Unrelenting pain and deep sadness cannot fully express this dark period in human history.
This museum and the tragic story and inhumanity it conveys cannot be unlived. It is a brilliant and courageous reminder for all mankind of the importance of a “never again” stance against some global behaviors.
What are some of the big and small lessons that are part of your personal and professional history?
In what ways have these experiences provided you the courage to never travel these paths again?
“Nothing is work unless you’d rather be doing something else.”

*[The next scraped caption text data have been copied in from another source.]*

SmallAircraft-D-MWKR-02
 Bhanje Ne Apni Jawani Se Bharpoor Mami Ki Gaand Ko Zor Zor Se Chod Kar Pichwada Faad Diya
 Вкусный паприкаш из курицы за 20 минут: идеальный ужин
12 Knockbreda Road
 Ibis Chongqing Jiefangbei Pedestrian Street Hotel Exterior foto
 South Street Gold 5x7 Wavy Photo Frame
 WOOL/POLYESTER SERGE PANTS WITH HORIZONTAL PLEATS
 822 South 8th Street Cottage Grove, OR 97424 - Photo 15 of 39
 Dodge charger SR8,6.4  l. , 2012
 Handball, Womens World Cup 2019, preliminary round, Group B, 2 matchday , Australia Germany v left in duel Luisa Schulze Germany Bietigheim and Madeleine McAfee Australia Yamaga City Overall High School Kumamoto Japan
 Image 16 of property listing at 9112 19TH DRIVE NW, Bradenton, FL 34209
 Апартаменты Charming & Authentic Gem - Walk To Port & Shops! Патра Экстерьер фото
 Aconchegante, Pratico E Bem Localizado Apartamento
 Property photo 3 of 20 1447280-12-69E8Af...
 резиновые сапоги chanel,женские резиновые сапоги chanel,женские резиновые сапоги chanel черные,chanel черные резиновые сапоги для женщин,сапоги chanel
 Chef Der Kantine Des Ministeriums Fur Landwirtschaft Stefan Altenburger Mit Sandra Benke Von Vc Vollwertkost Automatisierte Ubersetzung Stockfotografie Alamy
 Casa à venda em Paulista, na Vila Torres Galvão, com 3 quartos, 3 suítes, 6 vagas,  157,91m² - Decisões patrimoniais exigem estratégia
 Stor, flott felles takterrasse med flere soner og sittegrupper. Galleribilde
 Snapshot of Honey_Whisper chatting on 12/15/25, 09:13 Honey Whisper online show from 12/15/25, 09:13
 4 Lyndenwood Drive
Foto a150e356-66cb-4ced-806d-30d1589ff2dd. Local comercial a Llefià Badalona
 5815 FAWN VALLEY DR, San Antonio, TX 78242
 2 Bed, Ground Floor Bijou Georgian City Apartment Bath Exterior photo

—George Halas, founder of the Chicago Bears
What would you rather be doing at this very moment? Hopefully you love learning, personal growth/development feels more like play than work, and reading The Quotable Coach every morning is an enjoyable and rewarding minute of your day.
What are the areas of your life in which you expend considerable effort because those activities fill you up rather than bring you down?
When I first began coaching, I was introduced to the word “toleration” by Thomas Leonard of Coach University. Simply defined, tolerations are things that bug us, sap our energy, and could be eliminated. Although some people have a sense of pride and even feel noble about carrying many of these burdens, there can be a considerable price to pay.
Where and how can you bring more fulfillment and satisfaction into your work and life? What are some of the tolerations you can reduce or eliminate to lead a more enjoyable life?
“The chief function of the body is to carry the brain around.”
Image from NorthTexasKids
Tomorrow is my grandson Weston’s first birthday. There are so many people in his life that want to celebrate this special day that my daughter rented a pavilion in a local park to accommodate everyone.
Watching the transformation of Weston’s body and brain this year through visits and video calls has been a delight. Rolling, crawling, cruising, and of course being carried and taken many places has revealed an exponential development of how he takes in and interacts with the world.
Where will your body take your brain today? What wonderful sights, experiences, and people will you meet to bring new lessons and growth opportunities into your life?